About this exercise:
Beginning with the line that holds "Jack B. Nimble - 有料人気のゲーム iPad" and ending with the last line below, repeat each line exactly, leaving any pictures out.

Given records:
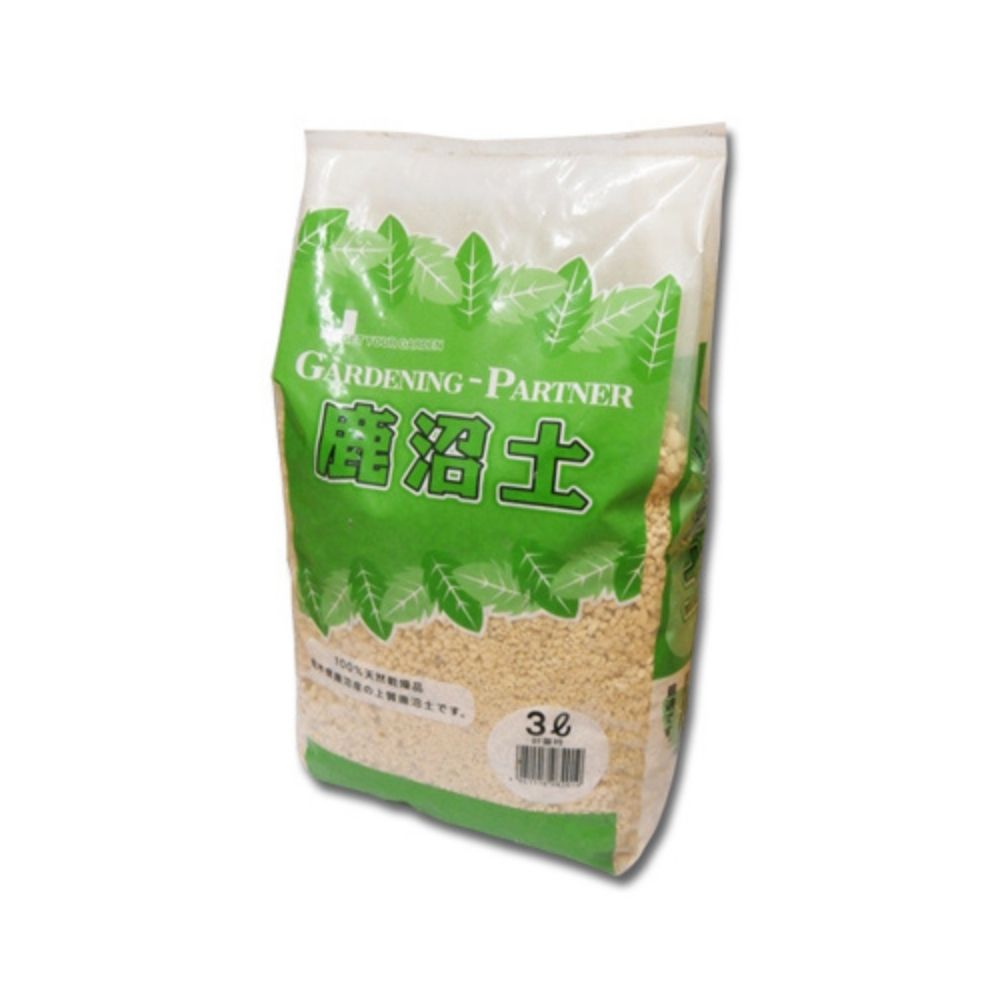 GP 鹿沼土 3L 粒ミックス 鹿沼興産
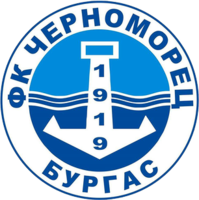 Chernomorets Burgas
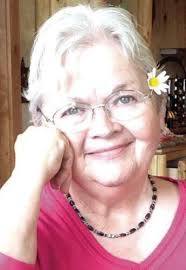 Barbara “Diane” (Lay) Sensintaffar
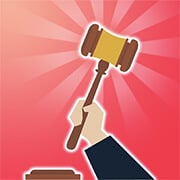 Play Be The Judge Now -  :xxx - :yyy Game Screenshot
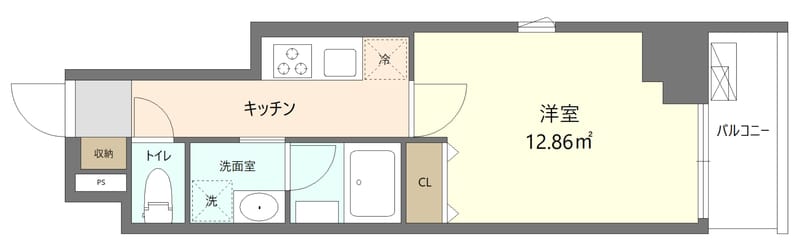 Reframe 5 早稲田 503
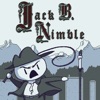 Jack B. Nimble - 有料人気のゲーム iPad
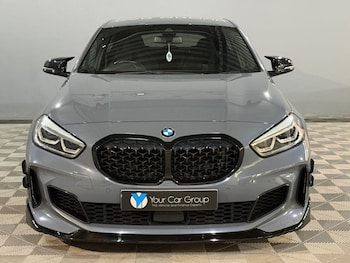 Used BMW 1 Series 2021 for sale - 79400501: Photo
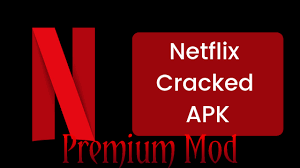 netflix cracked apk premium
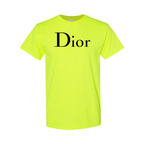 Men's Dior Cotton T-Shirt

Task answer:
 Jack B. Nimble - 有料人気のゲーム iPad
 Used BMW 1 Series 2021 for sale - 79400501: Photo
 netflix cracked apk premium
 Men's Dior Cotton T-Shirt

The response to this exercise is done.